- EXERCISE INSTRUCTIONS -
All that is needed is the line containing "Recepciones Masai - Nuevo" together with each line after it, transcribed exactly to the end of the records.

- DATA EXTRACTS -
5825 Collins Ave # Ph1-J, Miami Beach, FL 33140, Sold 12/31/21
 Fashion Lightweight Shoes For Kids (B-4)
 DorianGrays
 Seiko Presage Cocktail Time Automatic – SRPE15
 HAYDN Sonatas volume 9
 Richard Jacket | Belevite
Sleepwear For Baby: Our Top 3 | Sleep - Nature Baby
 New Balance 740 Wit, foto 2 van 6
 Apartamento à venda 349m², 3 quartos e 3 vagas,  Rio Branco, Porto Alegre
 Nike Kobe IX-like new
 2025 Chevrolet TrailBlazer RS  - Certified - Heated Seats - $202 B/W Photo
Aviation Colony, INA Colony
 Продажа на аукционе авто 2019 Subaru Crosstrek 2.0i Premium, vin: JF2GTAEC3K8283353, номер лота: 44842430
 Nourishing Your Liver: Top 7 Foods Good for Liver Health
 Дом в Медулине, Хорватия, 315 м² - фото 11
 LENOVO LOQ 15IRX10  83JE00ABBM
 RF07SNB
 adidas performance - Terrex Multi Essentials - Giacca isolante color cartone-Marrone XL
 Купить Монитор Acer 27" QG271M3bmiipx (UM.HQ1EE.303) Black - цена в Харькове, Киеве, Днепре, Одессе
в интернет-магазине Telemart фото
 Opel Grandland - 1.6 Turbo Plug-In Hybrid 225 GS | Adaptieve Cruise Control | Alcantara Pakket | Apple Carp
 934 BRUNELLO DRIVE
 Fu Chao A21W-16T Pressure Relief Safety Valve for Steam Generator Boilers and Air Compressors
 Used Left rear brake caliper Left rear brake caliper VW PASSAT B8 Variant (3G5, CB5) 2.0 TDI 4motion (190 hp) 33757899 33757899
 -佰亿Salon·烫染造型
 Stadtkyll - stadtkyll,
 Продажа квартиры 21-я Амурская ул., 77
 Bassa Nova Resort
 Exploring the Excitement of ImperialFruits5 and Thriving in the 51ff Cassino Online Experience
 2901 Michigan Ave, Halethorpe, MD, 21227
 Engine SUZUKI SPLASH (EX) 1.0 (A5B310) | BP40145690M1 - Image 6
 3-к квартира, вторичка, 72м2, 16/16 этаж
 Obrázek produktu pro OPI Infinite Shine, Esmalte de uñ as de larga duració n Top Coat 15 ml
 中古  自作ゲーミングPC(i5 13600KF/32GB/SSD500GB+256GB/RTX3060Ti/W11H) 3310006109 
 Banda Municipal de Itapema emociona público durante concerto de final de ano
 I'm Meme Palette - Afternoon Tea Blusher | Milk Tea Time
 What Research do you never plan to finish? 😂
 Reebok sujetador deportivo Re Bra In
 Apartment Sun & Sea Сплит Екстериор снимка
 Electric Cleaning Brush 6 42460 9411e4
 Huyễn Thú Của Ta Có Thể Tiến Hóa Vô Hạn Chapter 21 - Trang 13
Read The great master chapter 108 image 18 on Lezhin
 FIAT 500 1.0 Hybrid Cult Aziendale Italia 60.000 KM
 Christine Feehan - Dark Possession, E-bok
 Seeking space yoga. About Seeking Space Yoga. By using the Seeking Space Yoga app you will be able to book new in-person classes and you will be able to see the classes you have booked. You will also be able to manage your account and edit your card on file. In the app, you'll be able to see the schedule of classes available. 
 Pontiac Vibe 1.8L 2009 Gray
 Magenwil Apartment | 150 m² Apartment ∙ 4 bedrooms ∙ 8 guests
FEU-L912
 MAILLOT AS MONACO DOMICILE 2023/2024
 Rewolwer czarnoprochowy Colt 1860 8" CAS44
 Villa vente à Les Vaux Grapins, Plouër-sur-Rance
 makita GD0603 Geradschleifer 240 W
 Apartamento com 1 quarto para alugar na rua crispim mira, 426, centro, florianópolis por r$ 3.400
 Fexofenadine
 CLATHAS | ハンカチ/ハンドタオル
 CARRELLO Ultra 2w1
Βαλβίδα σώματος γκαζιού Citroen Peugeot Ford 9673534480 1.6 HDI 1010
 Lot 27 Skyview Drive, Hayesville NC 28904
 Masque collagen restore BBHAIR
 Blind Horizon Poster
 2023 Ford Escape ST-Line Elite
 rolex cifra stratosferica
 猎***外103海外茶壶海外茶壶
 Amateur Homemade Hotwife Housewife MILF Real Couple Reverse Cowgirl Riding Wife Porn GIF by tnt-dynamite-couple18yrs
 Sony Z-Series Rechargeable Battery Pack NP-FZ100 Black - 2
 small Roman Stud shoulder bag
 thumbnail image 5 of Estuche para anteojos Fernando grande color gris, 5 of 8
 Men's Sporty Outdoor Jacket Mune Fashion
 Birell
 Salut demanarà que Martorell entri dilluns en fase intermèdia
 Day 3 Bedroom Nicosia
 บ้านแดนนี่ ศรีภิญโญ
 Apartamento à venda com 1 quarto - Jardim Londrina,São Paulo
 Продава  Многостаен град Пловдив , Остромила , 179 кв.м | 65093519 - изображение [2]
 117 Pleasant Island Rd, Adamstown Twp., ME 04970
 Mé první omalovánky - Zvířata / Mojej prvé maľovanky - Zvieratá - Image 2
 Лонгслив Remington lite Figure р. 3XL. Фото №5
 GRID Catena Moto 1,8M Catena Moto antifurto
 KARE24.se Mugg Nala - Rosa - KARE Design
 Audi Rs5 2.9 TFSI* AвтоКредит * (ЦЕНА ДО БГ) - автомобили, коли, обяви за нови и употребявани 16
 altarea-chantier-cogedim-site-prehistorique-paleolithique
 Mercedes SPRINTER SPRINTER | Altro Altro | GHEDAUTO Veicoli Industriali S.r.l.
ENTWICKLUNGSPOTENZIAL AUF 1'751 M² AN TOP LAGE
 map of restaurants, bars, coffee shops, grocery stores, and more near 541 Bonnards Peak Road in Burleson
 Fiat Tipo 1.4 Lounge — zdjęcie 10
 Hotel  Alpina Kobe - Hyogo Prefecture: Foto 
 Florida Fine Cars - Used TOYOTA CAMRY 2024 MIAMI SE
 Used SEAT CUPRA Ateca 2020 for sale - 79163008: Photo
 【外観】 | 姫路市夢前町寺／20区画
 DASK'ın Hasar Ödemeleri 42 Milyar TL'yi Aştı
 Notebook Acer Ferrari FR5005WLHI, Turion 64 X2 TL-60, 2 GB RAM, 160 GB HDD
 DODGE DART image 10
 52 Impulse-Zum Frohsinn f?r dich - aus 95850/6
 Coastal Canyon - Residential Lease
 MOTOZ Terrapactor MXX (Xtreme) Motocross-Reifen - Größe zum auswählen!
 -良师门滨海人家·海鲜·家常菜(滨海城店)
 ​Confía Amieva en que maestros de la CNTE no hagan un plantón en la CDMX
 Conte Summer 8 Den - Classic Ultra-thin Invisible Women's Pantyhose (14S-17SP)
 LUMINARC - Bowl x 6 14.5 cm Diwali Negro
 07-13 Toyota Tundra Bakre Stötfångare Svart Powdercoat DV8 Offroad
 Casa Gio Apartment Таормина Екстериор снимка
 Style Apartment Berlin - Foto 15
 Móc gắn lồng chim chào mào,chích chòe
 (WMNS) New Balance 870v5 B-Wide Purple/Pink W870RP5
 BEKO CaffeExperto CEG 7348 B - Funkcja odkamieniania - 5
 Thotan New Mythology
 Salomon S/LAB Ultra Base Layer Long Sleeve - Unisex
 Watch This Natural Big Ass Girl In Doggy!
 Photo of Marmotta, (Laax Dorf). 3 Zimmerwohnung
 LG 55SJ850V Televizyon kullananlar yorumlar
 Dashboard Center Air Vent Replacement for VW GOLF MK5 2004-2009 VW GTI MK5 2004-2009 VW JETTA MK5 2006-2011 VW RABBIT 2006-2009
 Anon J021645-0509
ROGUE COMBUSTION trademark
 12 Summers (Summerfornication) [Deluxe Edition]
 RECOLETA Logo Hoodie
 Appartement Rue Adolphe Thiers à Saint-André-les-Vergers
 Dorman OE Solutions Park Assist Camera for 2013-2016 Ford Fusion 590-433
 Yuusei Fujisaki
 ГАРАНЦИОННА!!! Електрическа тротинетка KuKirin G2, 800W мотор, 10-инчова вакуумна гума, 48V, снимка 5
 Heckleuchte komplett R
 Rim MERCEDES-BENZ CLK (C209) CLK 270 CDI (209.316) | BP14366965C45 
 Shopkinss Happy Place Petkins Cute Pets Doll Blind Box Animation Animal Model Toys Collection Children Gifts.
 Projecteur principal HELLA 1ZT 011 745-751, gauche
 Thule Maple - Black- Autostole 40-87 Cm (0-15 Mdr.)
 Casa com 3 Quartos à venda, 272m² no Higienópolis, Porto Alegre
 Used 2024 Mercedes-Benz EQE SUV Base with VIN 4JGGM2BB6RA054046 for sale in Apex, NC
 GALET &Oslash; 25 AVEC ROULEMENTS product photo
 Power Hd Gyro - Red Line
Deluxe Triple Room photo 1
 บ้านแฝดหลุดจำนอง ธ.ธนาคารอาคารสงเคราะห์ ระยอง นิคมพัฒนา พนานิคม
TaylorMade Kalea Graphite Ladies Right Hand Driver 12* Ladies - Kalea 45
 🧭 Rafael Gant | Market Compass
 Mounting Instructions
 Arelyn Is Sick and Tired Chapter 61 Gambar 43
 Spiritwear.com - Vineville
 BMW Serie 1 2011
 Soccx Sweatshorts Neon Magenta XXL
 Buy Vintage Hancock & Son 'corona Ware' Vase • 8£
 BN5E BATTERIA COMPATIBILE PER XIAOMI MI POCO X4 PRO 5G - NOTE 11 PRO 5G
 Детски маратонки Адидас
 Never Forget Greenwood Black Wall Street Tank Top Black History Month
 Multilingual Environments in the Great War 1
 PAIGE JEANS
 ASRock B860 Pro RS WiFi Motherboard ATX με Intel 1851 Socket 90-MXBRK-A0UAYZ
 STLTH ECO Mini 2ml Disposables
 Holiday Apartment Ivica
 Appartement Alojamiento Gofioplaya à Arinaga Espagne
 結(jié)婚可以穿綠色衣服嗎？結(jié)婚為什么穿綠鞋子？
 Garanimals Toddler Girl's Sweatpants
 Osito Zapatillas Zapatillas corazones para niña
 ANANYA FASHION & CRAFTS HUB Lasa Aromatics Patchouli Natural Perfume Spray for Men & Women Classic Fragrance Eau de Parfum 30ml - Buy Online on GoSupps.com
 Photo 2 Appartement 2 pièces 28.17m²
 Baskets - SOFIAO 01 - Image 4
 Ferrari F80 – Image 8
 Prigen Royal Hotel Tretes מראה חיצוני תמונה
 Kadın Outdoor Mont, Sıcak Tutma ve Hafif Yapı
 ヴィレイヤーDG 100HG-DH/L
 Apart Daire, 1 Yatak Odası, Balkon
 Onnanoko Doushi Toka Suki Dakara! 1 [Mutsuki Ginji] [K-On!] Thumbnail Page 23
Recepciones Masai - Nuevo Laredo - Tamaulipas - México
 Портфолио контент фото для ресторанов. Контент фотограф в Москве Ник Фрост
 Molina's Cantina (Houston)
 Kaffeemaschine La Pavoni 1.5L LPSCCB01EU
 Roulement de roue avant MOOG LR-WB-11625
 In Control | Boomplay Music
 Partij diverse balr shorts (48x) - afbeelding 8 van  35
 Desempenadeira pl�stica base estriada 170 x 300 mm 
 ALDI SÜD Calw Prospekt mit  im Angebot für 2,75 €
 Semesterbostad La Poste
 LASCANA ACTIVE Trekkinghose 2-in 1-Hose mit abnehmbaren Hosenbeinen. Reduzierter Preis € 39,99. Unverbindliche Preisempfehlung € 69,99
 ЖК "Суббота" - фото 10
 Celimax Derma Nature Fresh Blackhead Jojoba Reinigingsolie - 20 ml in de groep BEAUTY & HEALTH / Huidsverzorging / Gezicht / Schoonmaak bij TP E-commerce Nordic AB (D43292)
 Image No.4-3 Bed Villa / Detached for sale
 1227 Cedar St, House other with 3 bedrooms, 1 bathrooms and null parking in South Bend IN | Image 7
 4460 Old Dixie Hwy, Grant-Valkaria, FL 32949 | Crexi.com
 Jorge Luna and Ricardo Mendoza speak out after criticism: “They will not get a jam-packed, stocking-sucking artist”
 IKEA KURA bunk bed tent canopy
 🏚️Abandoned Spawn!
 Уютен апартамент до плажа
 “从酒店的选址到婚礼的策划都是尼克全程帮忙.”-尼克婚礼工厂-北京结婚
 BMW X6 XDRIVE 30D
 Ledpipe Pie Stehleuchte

- ANSWER TO THE PROBLEM -
Recepciones Masai - Nuevo Laredo - Tamaulipas - México
 Портфолио контент фото для ресторанов. Контент фотограф в Москве Ник Фрост
 Molina's Cantina (Houston)
 Kaffeemaschine La Pavoni 1.5L LPSCCB01EU
 Roulement de roue avant MOOG LR-WB-11625
 In Control | Boomplay Music
 Partij diverse balr shorts (48x) - afbeelding 8 van  35
 Desempenadeira pl�stica base estriada 170 x 300 mm 
 ALDI SÜD Calw Prospekt mit  im Angebot für 2,75 €
 Semesterbostad La Poste
 LASCANA ACTIVE Trekkinghose 2-in 1-Hose mit abnehmbaren Hosenbeinen. Reduzierter Preis € 39,99. Unverbindliche Preisempfehlung € 69,99
 ЖК "Суббота" - фото 10
 Celimax Derma Nature Fresh Blackhead Jojoba Reinigingsolie - 20 ml in de groep BEAUTY & HEALTH / Huidsverzorging / Gezicht / Schoonmaak bij TP E-commerce Nordic AB (D43292)
 Image No.4-3 Bed Villa / Detached for sale
 1227 Cedar St, House other with 3 bedrooms, 1 bathrooms and null parking in South Bend IN | Image 7
 4460 Old Dixie Hwy, Grant-Valkaria, FL 32949 | Crexi.com
 Jorge Luna and Ricardo Mendoza speak out after criticism: “They will not get a jam-packed, stocking-sucking artist”
 IKEA KURA bunk bed tent canopy
 🏚️Abandoned Spawn!
 Уютен апартамент до плажа
 “从酒店的选址到婚礼的策划都是尼克全程帮忙.”-尼克婚礼工厂-北京结婚
 BMW X6 XDRIVE 30D
 Ledpipe Pie Stehleuchte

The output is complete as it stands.